ABOUT THIS TASK:
When you reach the line containing "Bibakunyuu De Seiso" in the records below, set it down exactly, together with every later line through the end, but not the pictures.

DATA SECTION:
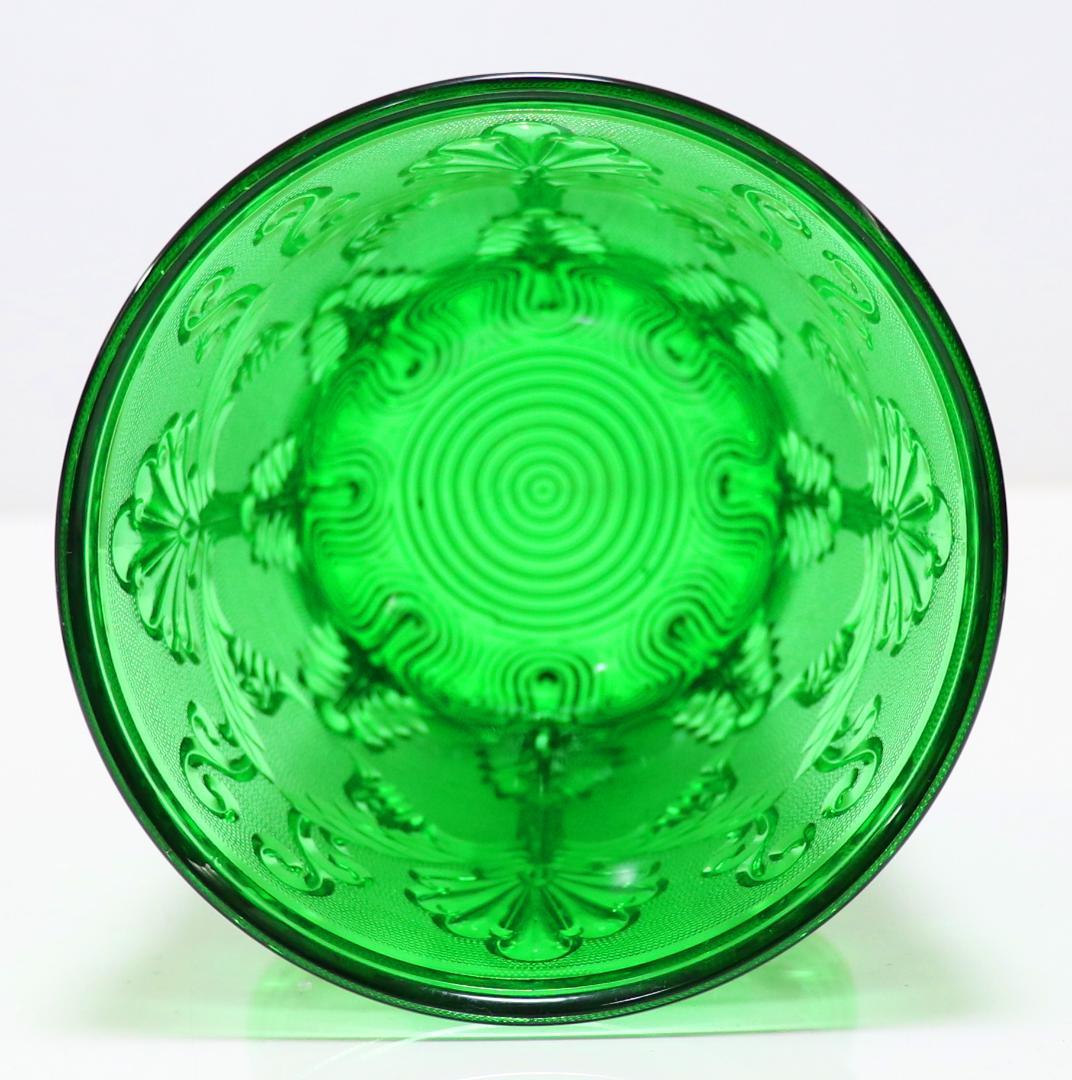 オールド・バカラ 1840年 激レア 大型 緑色ガラス 壺 アイスペール 花瓶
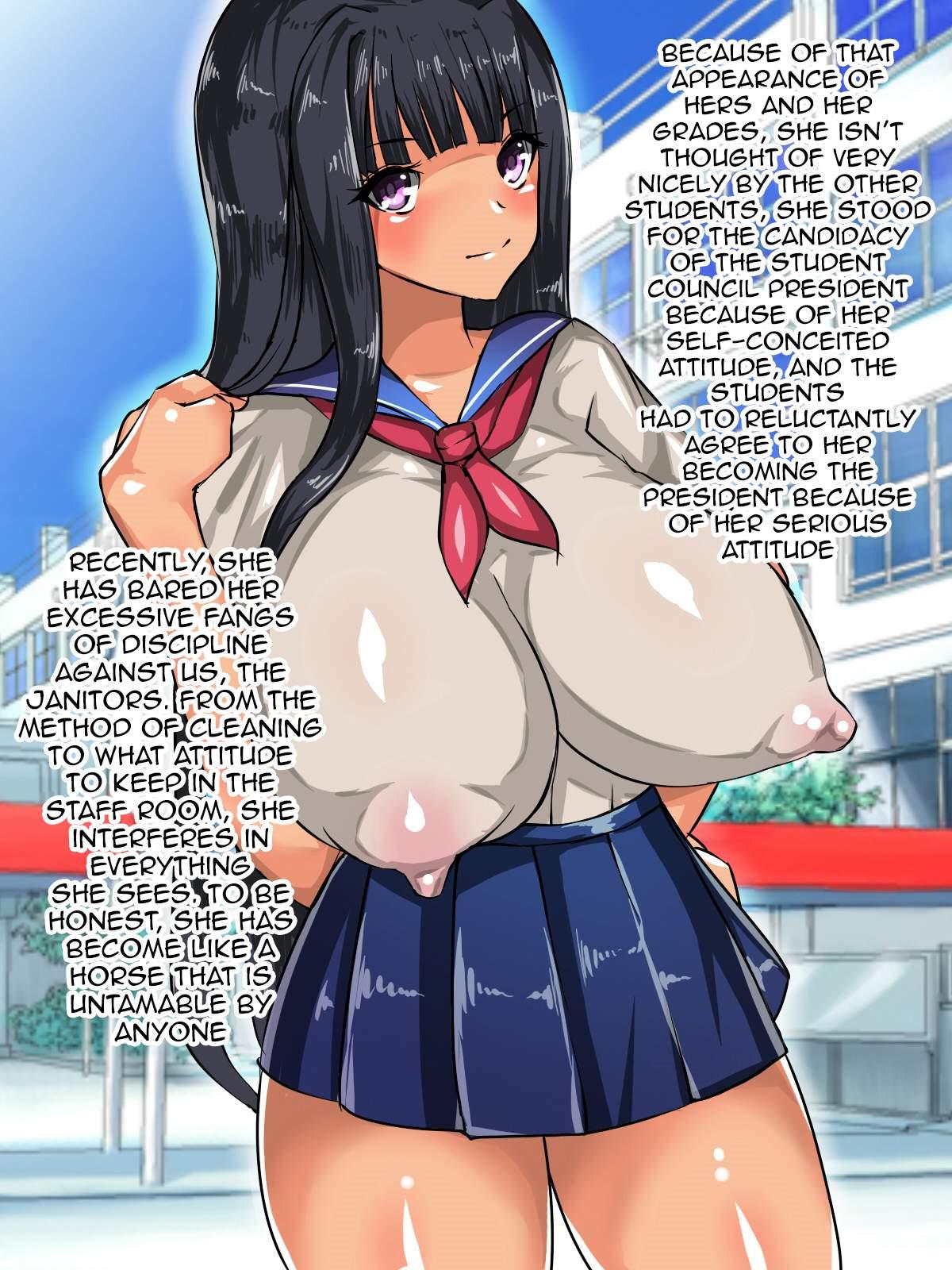 Bibakunyuu De Seiso Kidori Na Hentai Intelli Seito Kaichou O Saiin Hame Shite Rinkan Shite Seidorei Gochisousama! 1
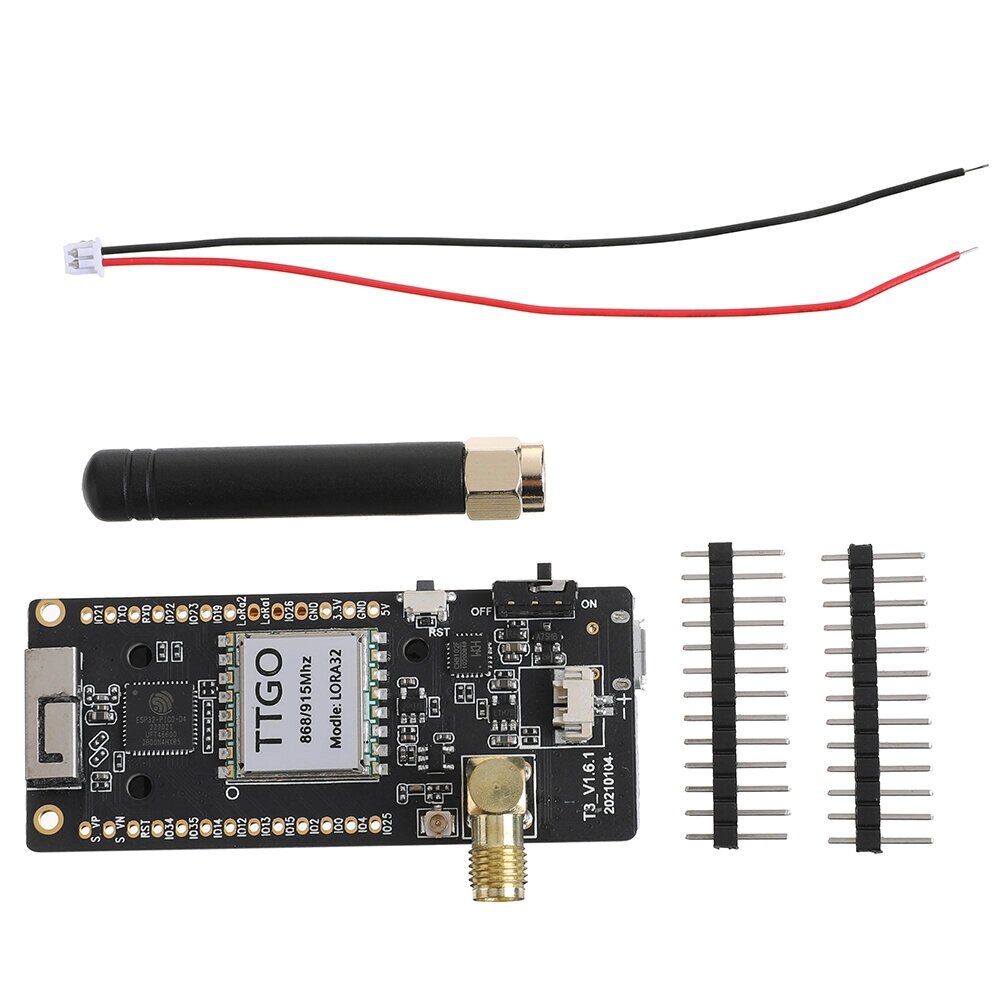 Lilygo TTGO lora32 868 мгц ESP32 lora OLED 0,96 дюймов SD-карта bluetooth WIFI беспроводной модуль ESP-32 SMA IP5306 - заказать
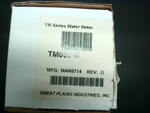  GPI Great Plains TM050-N Digital Flomec TM Water Meter PVC 1/2" NPT 1 to 10 gpm Image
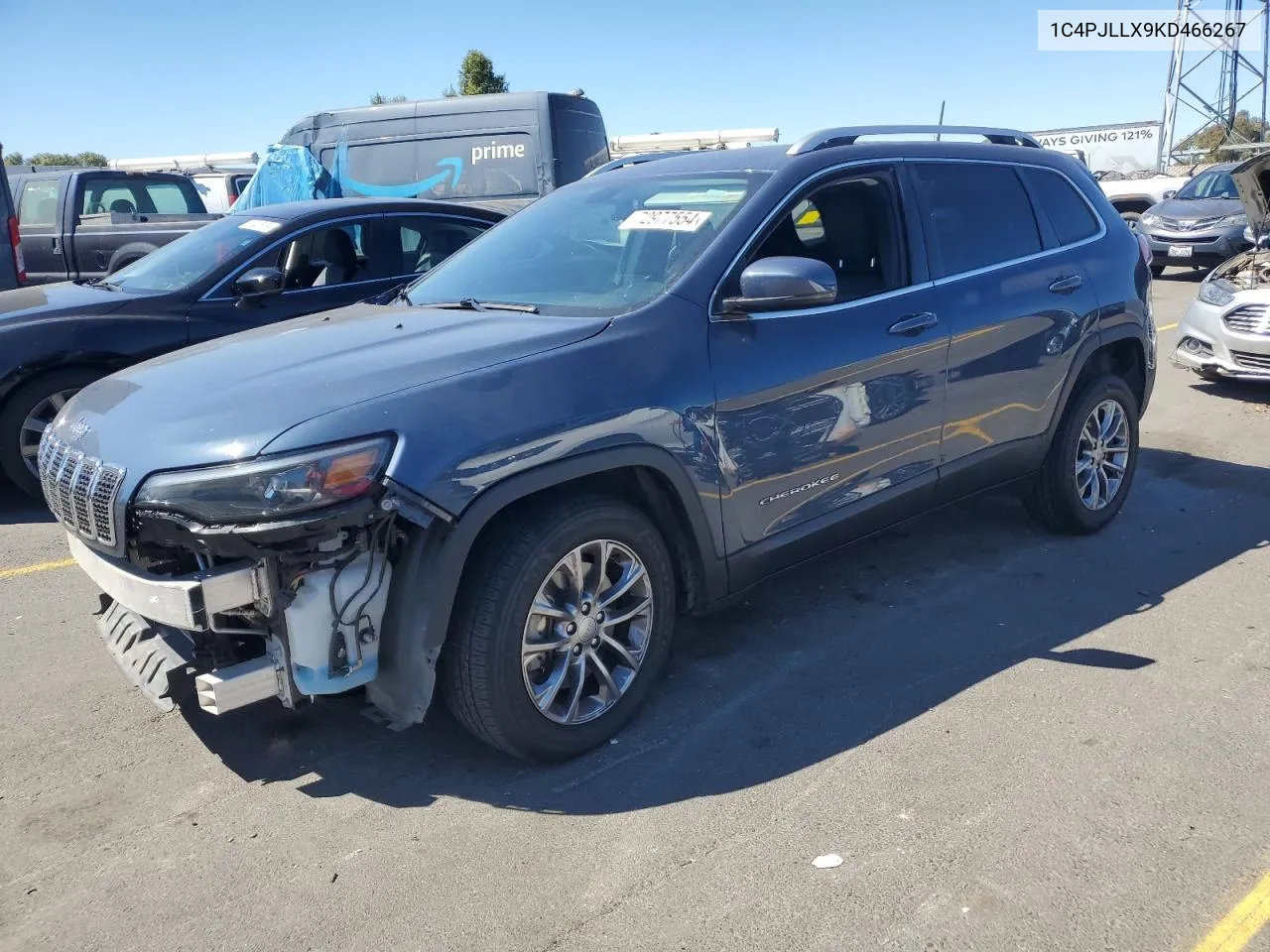 2019 Jeep Cherokee Latitude Plus VIN: 1C4PJLLX9KD466267 Lot: 72977554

ANSWER FOR THIS EXERCISE:
 Bibakunyuu De Seiso Kidori Na Hentai Intelli Seito Kaichou O Saiin Hame Shite Rinkan Shite Seidorei Gochisousama! 1
 Lilygo TTGO lora32 868 мгц ESP32 lora OLED 0,96 дюймов SD-карта bluetooth WIFI беспроводной модуль ESP-32 SMA IP5306 - заказать
  GPI Great Plains TM050-N Digital Flomec TM Water Meter PVC 1/2" NPT 1 to 10 gpm Image
 2019 Jeep Cherokee Latitude Plus VIN: 1C4PJLLX9KD466267 Lot: 72977554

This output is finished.